From: Dave Chinner <david@fromorbit.com>
To: "Darrick J. Wong" <djwong@kernel.org>
Cc: linux-xfs@vger.kernel.org
Subject: Re: [PATCH 1/3] xfs: invalidate block device page cache during unmount
Date: Tue, 29 Nov 2022 16:23:22 +1100 [thread overview]
Message-ID: <20221129052322.GA3600936@dread.disaster.area> (raw)
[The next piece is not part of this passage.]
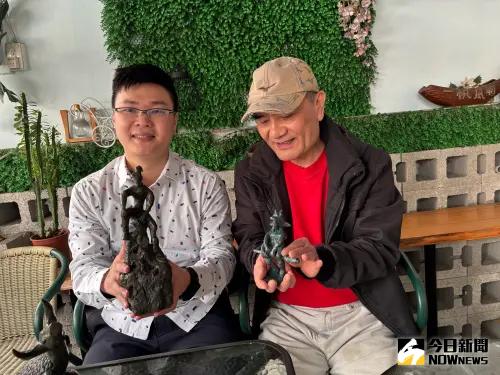 藝術家詹承燁「渾沌狀態」個展 山海經銅雕系列神秘有趣 ▲詹承燁父親詹晉源無條件 支持兒子選擇的藝術路,對於兒子作品是愛不釋手。(圖/記者金武鳳攝,2025.1.21)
In-Reply-To: <166930916399.2061853.16165124824627761814.stgit@magnolia>
On Thu, Nov 24, 2022 at 08:59:24AM -0800, Darrick J. Wong wrote:
> From: Darrick J. Wong <djwong@kernel.org>
>
> Every now and then I see fstests failures on aarch64 (64k pages) that
> trigger on the following sequence:
>
> mkfs.xfs $dev
> mount $dev $mnt
> touch $mnt/a
> umount $mnt
> xfs_db -c 'path /a' -c 'print' $dev
>
> 99% of the time this succeeds, but every now and then xfs_db cannot find
> /a and fails. This turns out to be a race involving udev/blkid, the
> page cache for the block device, and the xfs_db process.
>
> udev is triggered whenever anyone closes a block device or unmounts it.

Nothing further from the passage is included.